At East Perth terminal, Greg of TransWA is an antidote to every macho, cyclist-hating coach driver you ever met. As well as steering us south, he has something extra. He knows every passenger's name, without checking his list. "Here's your bag, Nicola." "Yes, Phil, you do have time to buy a coffee before we press on to Capel." Impressive.
Greg has other qualities. He does not tell awful jokes and actually likes the customers.
Looking out of the window after Busselton , I wonder if Nicola, sitting behind me, may want to know that the word "bus" is an abbreviation of "omnibus". Probably not. I discover instead that she lives in Canada.
The only reason she is bussing it today is that, though her father was willing to lend his car, "it is such a bomb that I'd rather get to Margaret River in one piece".

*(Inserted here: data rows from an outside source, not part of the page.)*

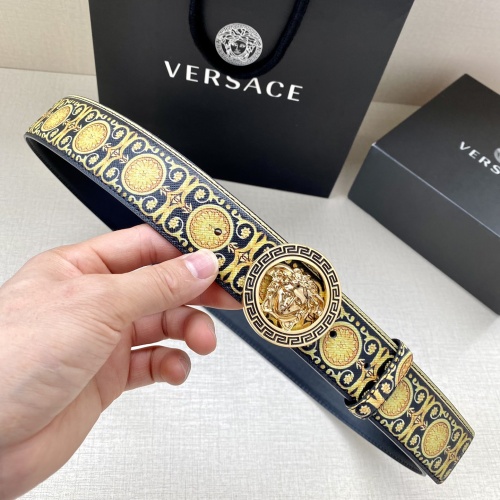 Versace AAA Quality Belts For Men #1060171 $72.00 USD, Wholesale Replica Versace AAA Quality Belts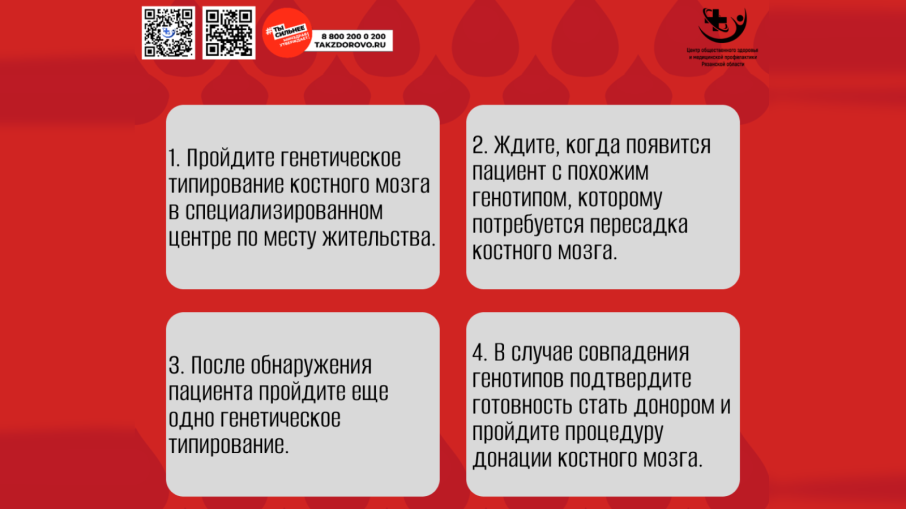 Вы можете спасти жизнь, даже не выходя из дома.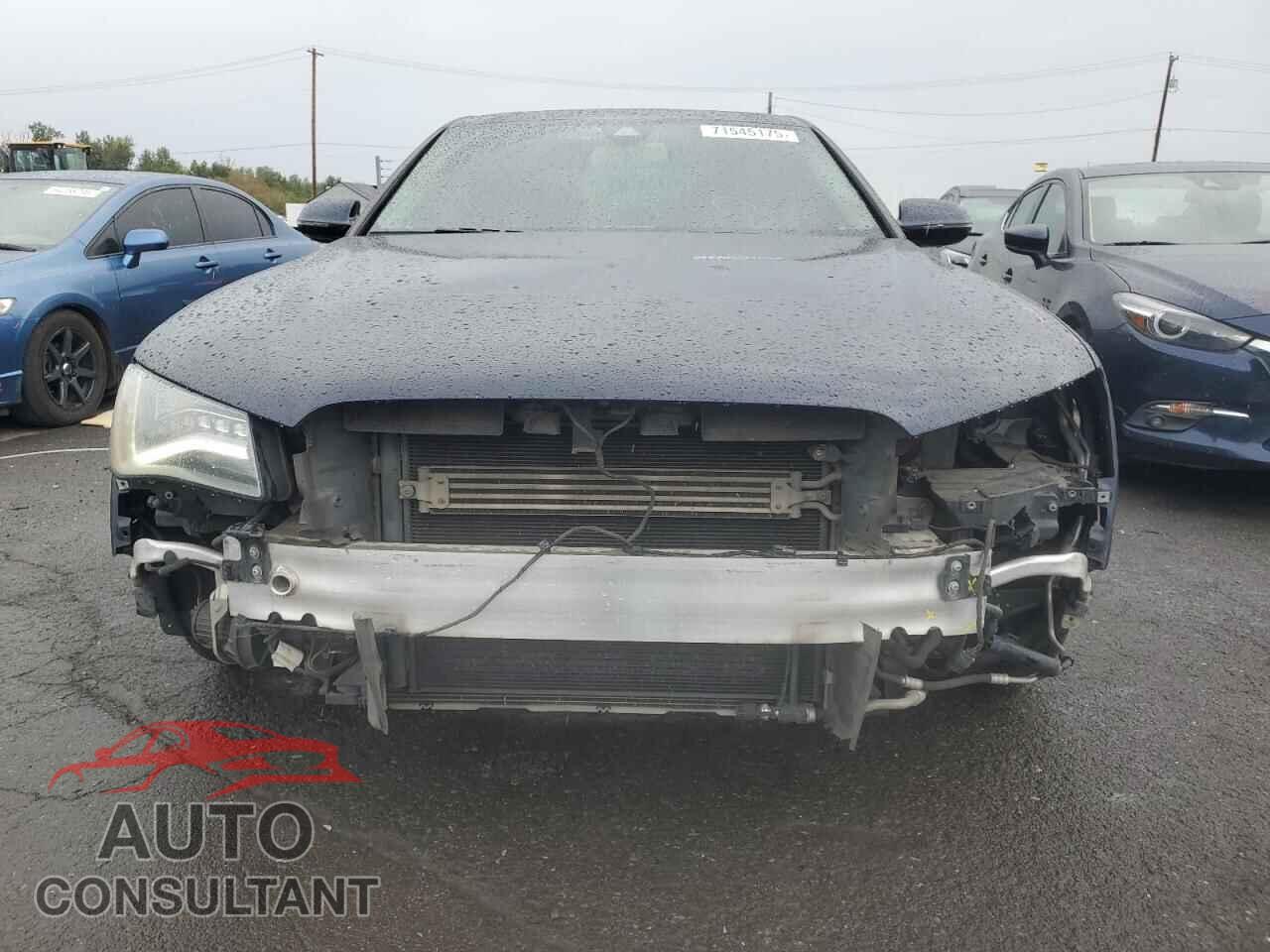 AUDI A8 2012 - WAURVAFD0CN010864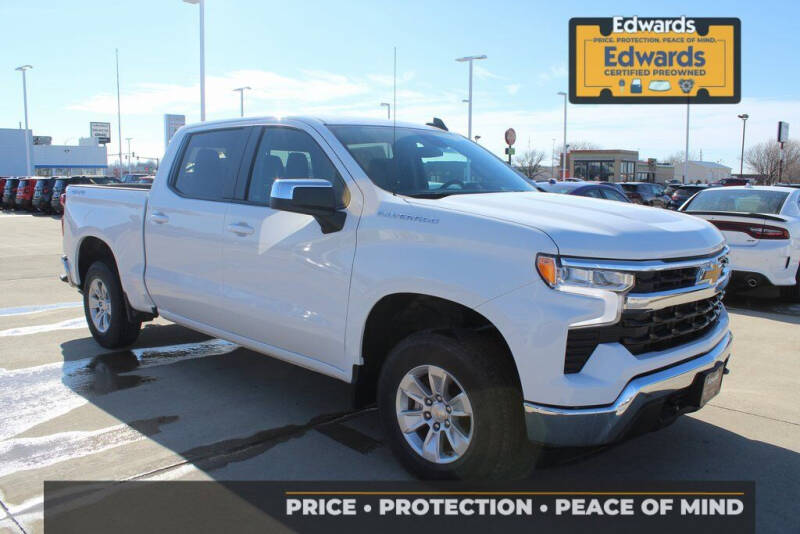 2024 Chevrolet Silverado 1500 for sale at Edwards Storm Lake in Storm Lake IA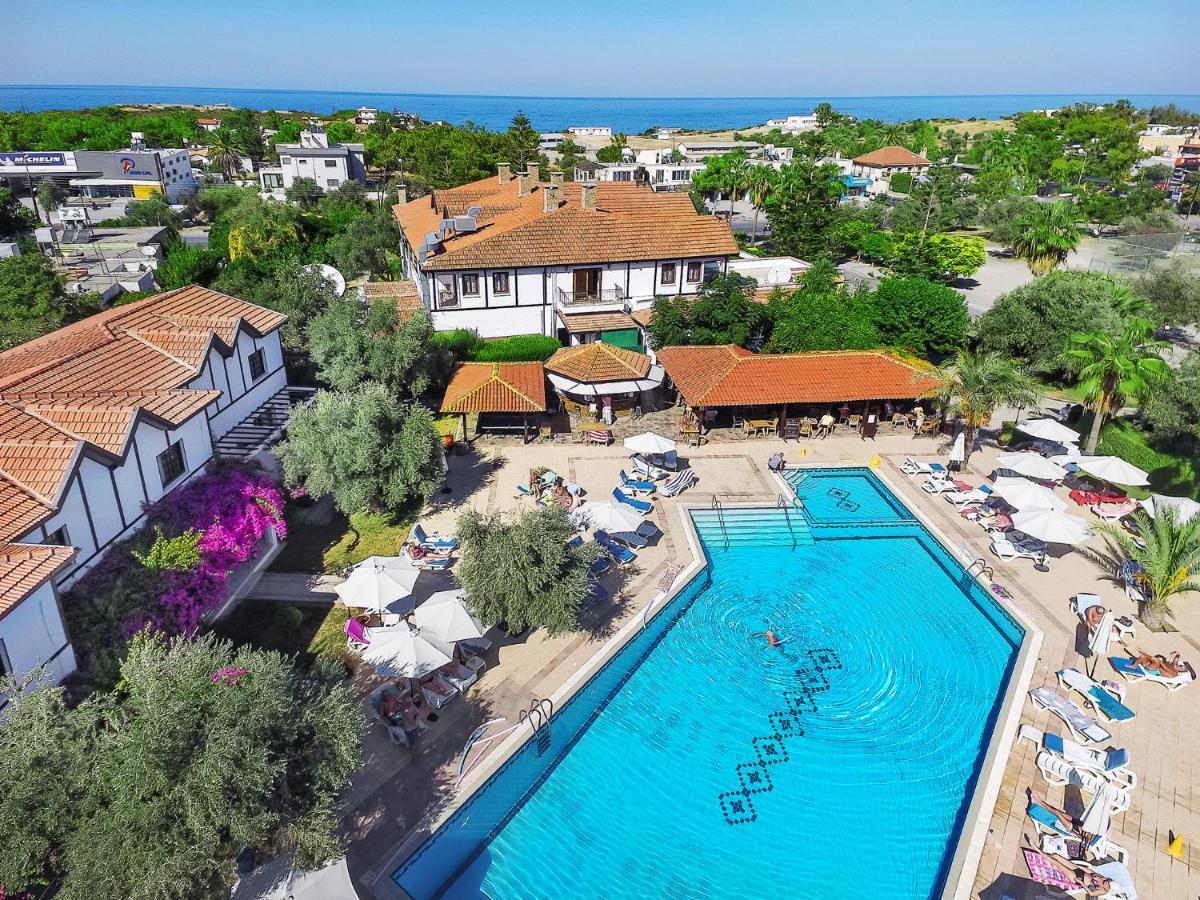 The Ship Inn Hotel Κερύνεια Εξωτερικό φωτογραφία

And the loudspeaker music? Enya at mid-volume. "Will ye go, lassie, go," she sings. I'm in an excellent mood. The term omnibus, meaning "for all", was once applied widely to road carriages that nearly a century ago offered a mass-transport alternative to trains.
Nowadays it survives in such phrases as "omnibus edition" of books or DVDs, but in the transport sense its use is merely quaint. On our trip back from Augusta to Perth, however, the heavens send good reason to recall the "all-in-this-together" sense.
It is a Sunday of such wind and rainstorms as to please only movie directors seeking a suitable backdrop for dastardly deeds in a rickety mansion on a hill. Driver Ron is telling base in Bunbury that it "is like a war zone down here". As we turn into Cowaramup Road, a pile of timber and leaves is proof of a battle that trees have lost.
Ron pulls up and draws a long breath. At least a dozen passengers get out and join him inspecting branches. Some grab a handful and attempt a shove. "Never going to get the bus around this" is the verdict. Phones go to ears. Within 10 minutes a local hero arrives with his front-end loader.
Arriving a little late at East Perth, I reflect that mobile mateship - driver and passengers in common purpose - has carried the turbulent day. It's been a true omnibus journey, bonhomie for all and everyone getting home safe.